The challenges and mindtraps lie in unlikely places. Jailson da Silva, Coordinator of the Observatório de Favelas favela research and advocacy group, criticized the title of another gathering held last week, the Seminário Integração: Favela-Cidade. “Favelas are already part of the city,” he pointed out. “They are integrated– and unequal.” When there used to be shooting in the favela of Cantagalo, invariably the newspapers would headline Ipanema residents’ loss of sleep, he added.

Dangling fruit, for a select few?

It could be that the reason for Brazilian dillydallying isn’t that pickings are easy, but the fact that for a minority, the pickings are near at hand; while for many people, they’re are out of reach.

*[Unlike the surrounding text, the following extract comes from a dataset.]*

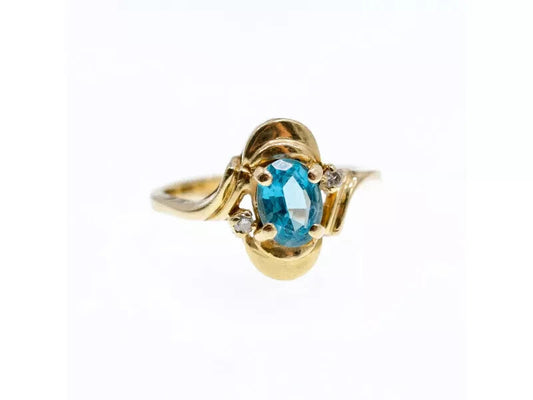 14K Yellow Gold Topaz & Diamonds Ring Size 7.25
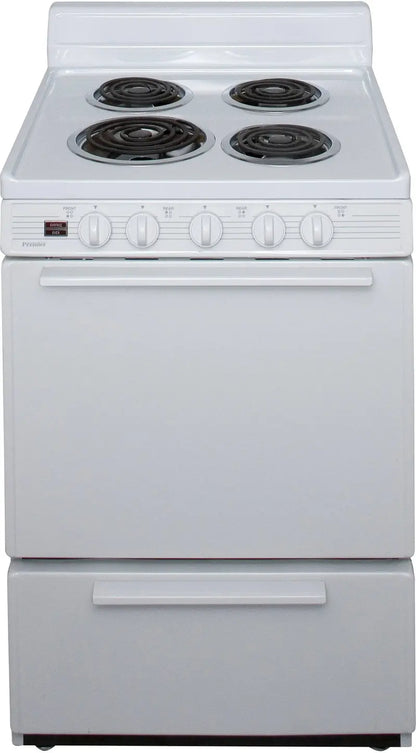 Premier 24-Inch Single-Oven Electric Range  White Freestanding Kitchen Range with Smooth Cooktop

How to get near the mango tree, when a small group has better muscles and longer arms? And why, if you were in the small group and close to the mangueira, would you bother to plan much? If an imprevisto appears, all you have to do is throw money at a bunch of relatively unskilled workers and they’ll shake the tree (praying no mangoes fall on their heads), bag the fruit, and hand it over. The solution leaves a few unhappy toucans, but those ungainly avians prey on other birds’ eggs, so they have it coming.

Except that unskilled workers are getting expensive and feisty (and relatively less unskilled); a growing number of people are coming to realize that the mangoes are taxpayer-financed and we all pay taxes; inequality is an ever-more key issue; and the exchanges that globalization brings are challenging long-held traditions, behaviors and values.

In other words, Brazil may actually not be fully ready for its mega-events, but by the time the last one is over, not only will Rio have changed dramatically, but this will be a very different country.